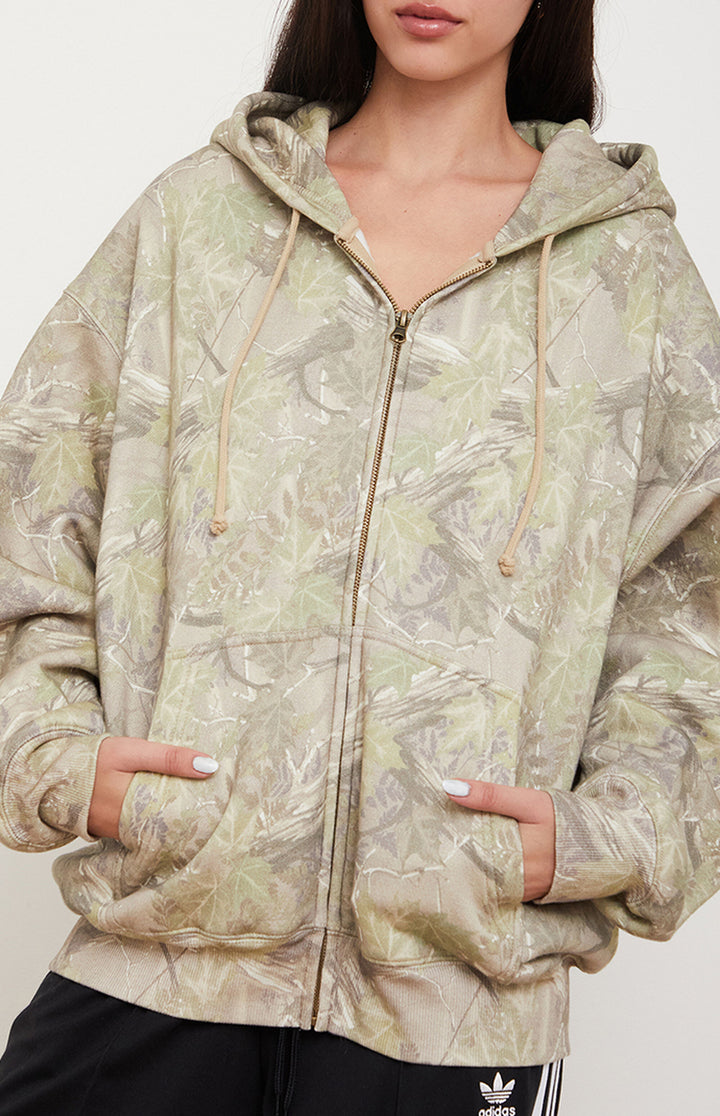 Pacsun Women  Camo Tree Zip Up Hoodie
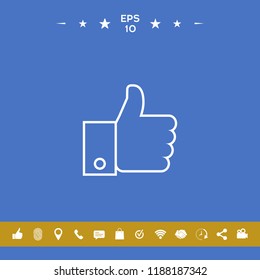 Thumb up gesture line icon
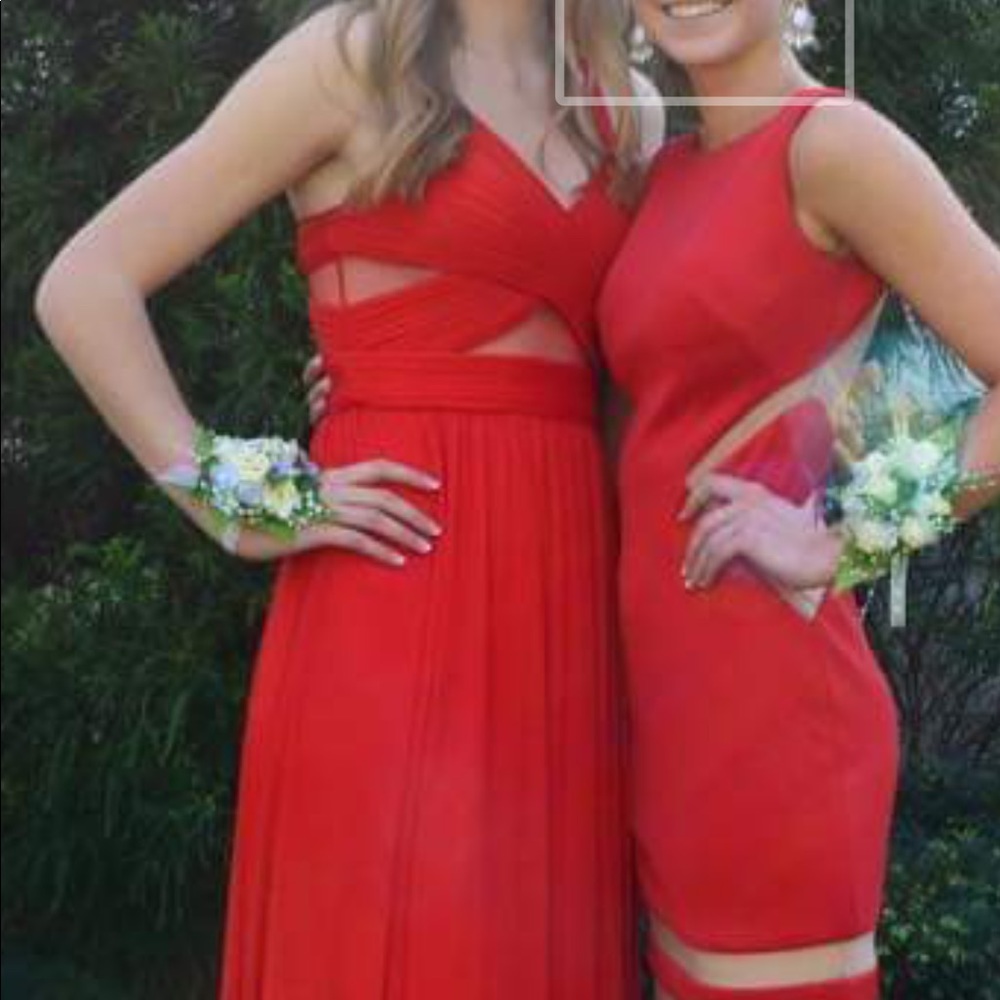 Red prom dress with mesh cut outs size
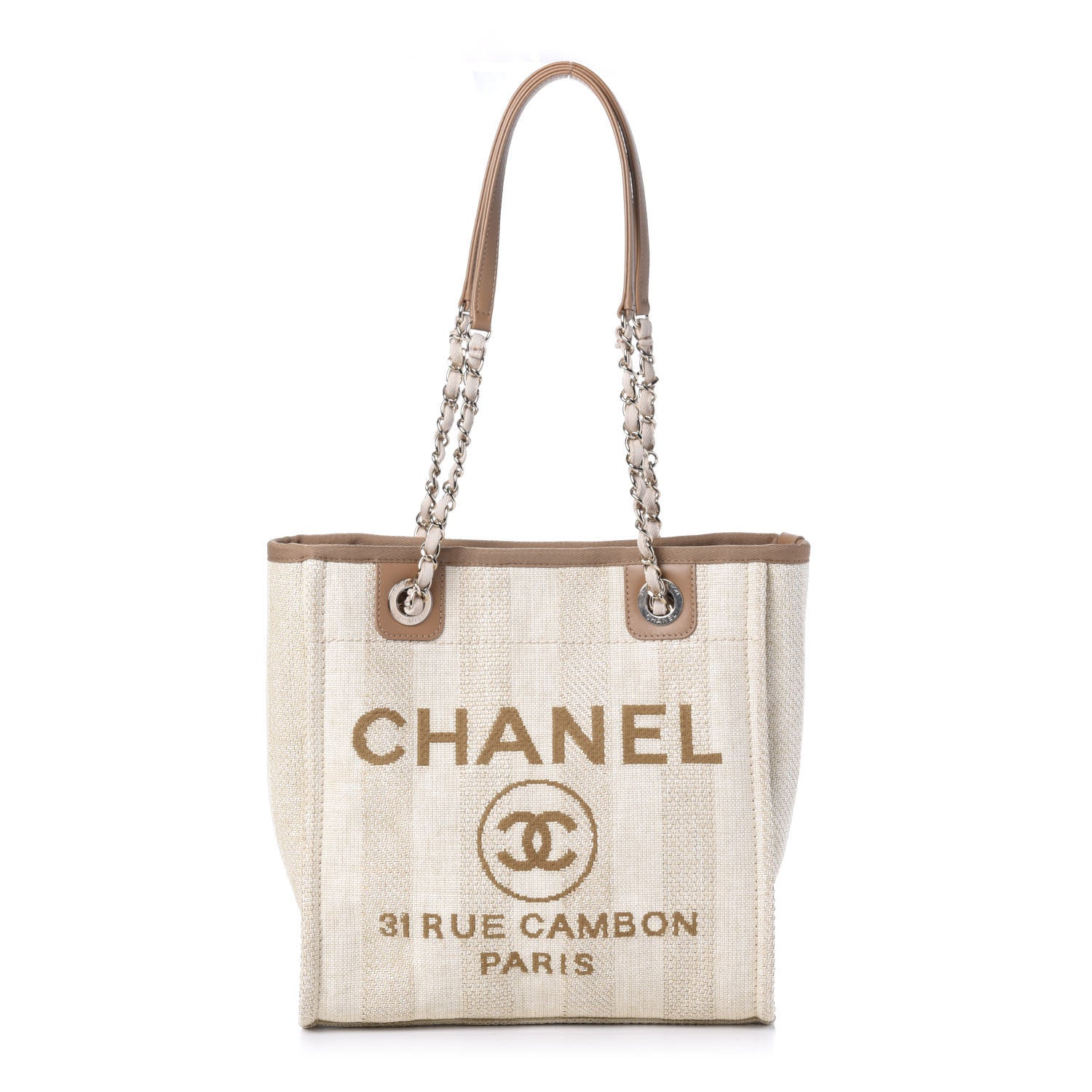 Chanel Straw Raffia Calfskin Striped Mini Deauville Tote Beige 1 of 10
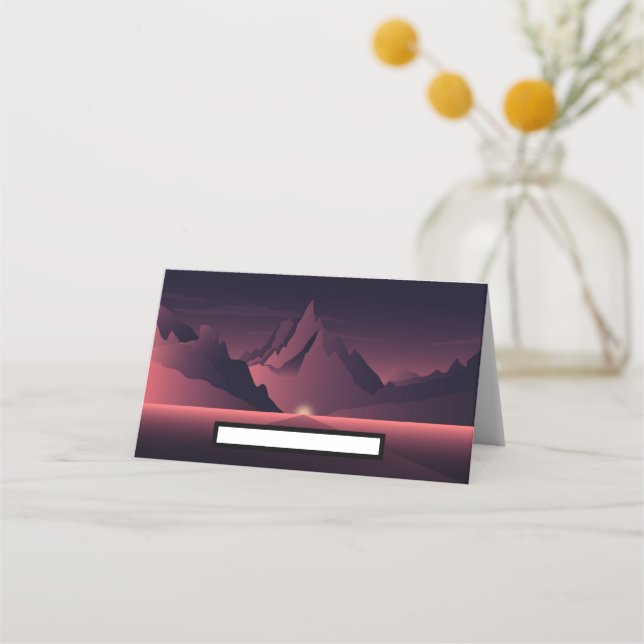 Tarjeta De Asiento Un ilustracion de atardecer de montaña (Anverso)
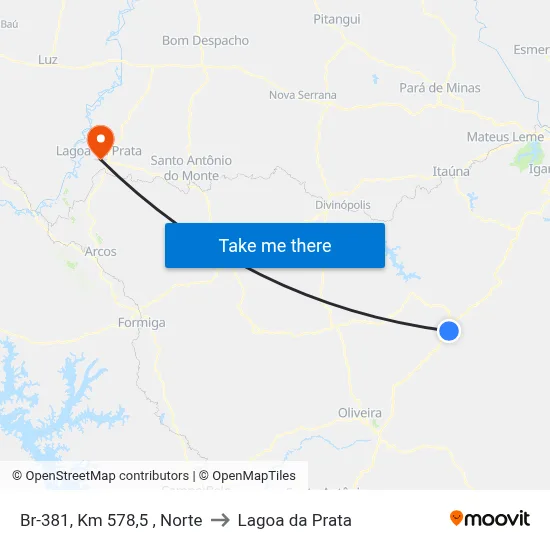 Br-381, Km 578,5 , Norte to Lagoa da Prata map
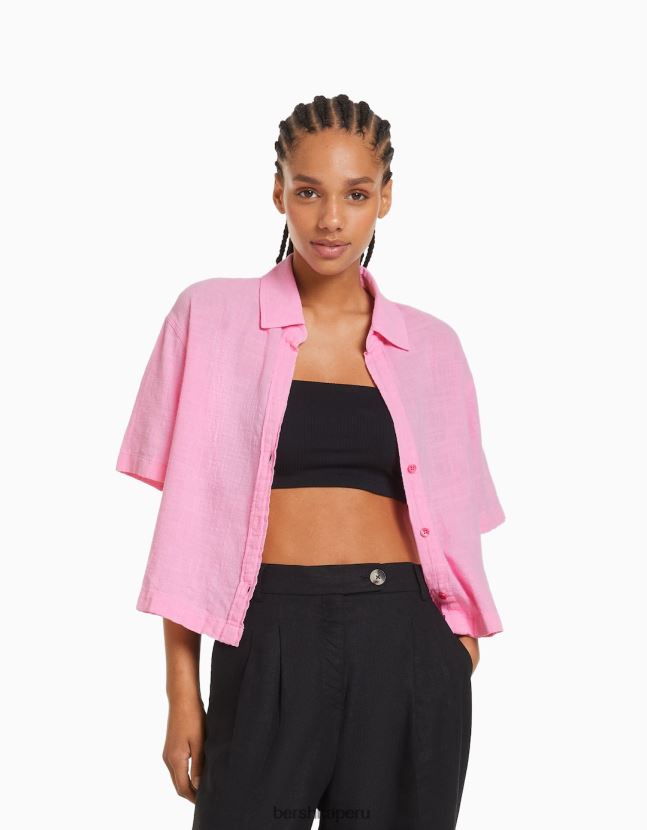 rosa Bershka mujer camisa rústica manga corta texturizada 806J6B907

### TASK:
Copy every record character for character. Skip the pictures.

### RESULT OF THE TASK:
 Pacsun Women  Camo Tree Zip Up Hoodie
 Thumb up gesture line icon
 Red prom dress with mesh cut outs size
 Chanel Straw Raffia Calfskin Striped Mini Deauville Tote Beige 1 of 10
 Tarjeta De Asiento Un ilustracion de atardecer de montaña (Anverso)
 Br-381, Km 578,5 , Norte to Lagoa da Prata map
 rosa Bershka mujer camisa rústica manga corta texturizada 806J6B907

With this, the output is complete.